MATERIAL PROVIDED:
· · · ·
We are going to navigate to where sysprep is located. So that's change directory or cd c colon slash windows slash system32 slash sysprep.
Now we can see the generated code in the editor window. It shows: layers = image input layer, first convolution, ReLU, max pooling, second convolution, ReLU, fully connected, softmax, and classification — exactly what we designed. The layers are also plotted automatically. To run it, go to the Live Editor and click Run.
· · · ·
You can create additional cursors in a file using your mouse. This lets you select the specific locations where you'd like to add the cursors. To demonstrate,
· · · ·
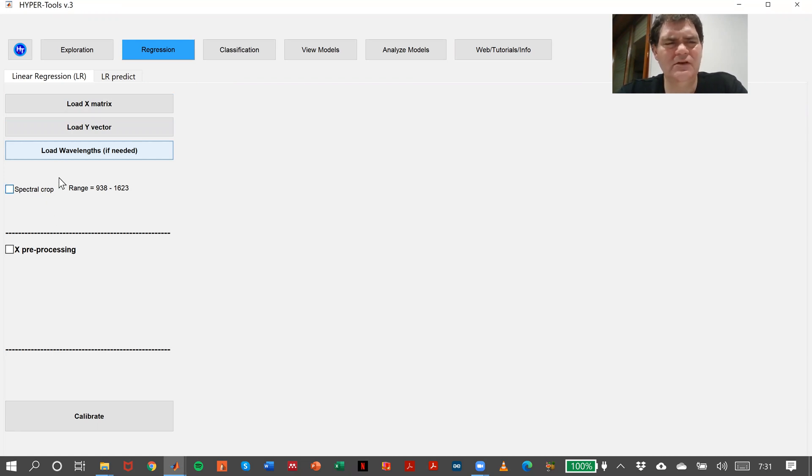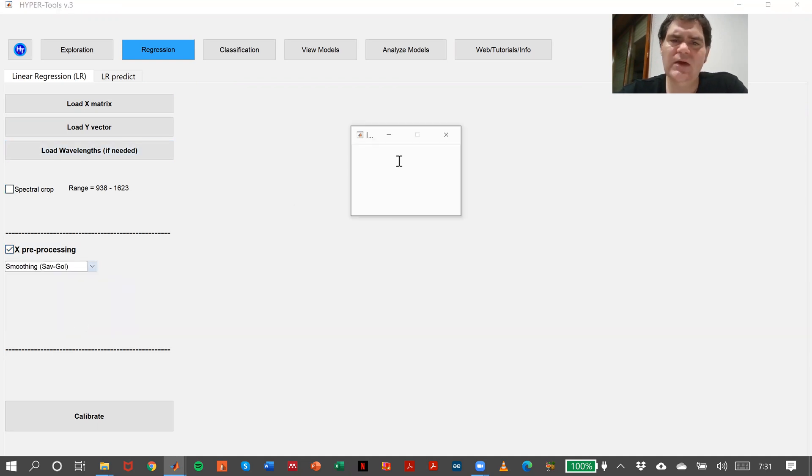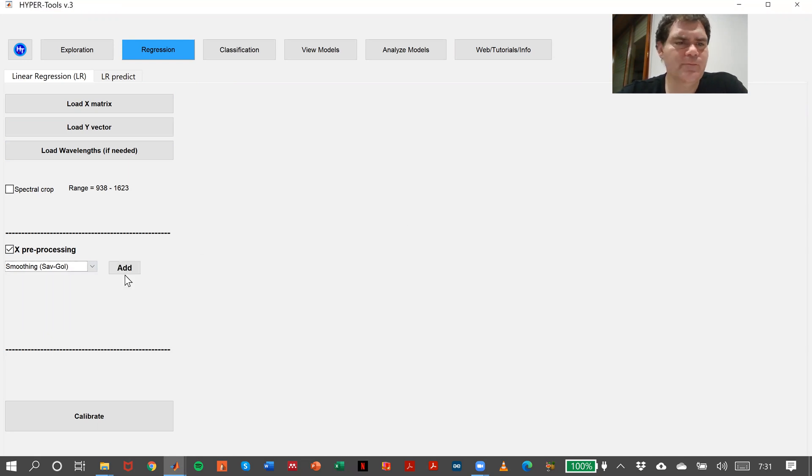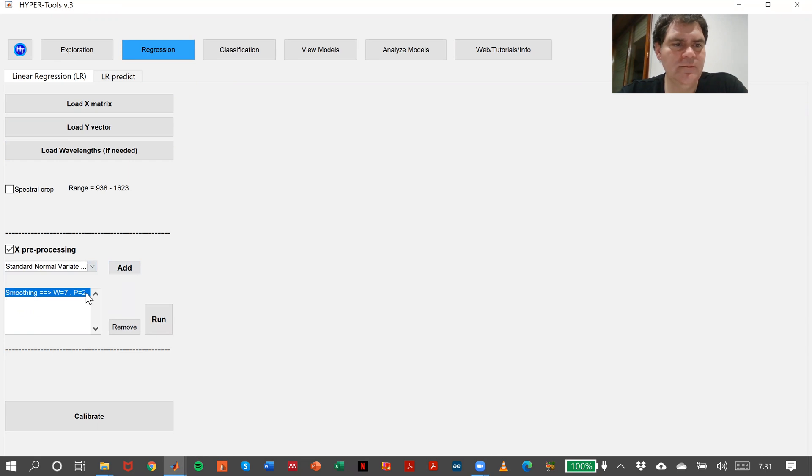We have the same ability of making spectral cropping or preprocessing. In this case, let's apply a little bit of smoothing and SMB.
· · · ·
REQUIRED ACTION:
From the entries above, return exactly the line containing "We are going", the line containing "Now we can see", and all lines between, and nothing else.

RESPONSE TO THE EXERCISE:
We are going to navigate to where sysprep is located. So that's change directory or cd c colon slash windows slash system32 slash sysprep.
Now we can see the generated code in the editor window. It shows: layers = image input layer, first convolution, ReLU, max pooling, second convolution, ReLU, fully connected, softmax, and classification — exactly what we designed. The layers are also plotted automatically. To run it, go to the Live Editor and click Run.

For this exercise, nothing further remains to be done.